In the records below, begin at the line that has "situación de los" and stop after the line that has "Fanatik sevgilime bu hediye nasıl olur?"; quote those lines verbatim and nothing more.
───── Data
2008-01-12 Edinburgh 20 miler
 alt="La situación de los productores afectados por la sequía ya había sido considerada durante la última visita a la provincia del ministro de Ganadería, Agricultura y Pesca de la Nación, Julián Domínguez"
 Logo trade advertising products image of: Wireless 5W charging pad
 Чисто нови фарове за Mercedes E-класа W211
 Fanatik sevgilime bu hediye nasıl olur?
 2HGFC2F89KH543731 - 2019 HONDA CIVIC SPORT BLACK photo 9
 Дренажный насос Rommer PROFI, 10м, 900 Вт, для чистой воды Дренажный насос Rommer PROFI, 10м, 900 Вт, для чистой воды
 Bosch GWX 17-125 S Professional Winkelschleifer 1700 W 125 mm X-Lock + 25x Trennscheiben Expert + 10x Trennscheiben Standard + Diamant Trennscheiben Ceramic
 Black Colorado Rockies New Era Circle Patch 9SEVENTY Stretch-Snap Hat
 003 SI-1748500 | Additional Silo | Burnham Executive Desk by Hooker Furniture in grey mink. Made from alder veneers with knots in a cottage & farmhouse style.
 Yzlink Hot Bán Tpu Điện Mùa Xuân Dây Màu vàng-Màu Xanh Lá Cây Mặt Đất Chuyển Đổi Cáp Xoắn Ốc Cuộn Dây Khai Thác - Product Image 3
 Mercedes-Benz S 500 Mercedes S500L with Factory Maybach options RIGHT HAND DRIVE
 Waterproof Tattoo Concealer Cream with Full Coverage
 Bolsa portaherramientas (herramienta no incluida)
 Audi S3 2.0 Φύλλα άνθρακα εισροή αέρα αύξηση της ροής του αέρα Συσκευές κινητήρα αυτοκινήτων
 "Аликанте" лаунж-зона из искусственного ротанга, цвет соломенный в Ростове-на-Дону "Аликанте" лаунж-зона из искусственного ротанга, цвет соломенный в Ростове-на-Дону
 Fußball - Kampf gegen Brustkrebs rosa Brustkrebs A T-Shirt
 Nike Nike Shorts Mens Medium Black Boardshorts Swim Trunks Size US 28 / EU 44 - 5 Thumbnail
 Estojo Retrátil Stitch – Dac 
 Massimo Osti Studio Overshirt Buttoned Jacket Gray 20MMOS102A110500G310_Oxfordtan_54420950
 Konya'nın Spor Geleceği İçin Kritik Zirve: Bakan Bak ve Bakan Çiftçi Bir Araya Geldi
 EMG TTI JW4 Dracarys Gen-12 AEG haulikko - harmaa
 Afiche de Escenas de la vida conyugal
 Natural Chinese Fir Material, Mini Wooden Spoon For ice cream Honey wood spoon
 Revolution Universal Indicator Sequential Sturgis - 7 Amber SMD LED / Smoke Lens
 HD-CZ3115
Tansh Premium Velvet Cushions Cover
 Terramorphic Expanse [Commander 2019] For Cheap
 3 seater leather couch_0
──────────
» Solved problem:
 alt="La situación de los productores afectados por la sequía ya había sido considerada durante la última visita a la provincia del ministro de Ganadería, Agricultura y Pesca de la Nación, Julián Domínguez"
 Logo trade advertising products image of: Wireless 5W charging pad
 Чисто нови фарове за Mercedes E-класа W211
 Fanatik sevgilime bu hediye nasıl olur?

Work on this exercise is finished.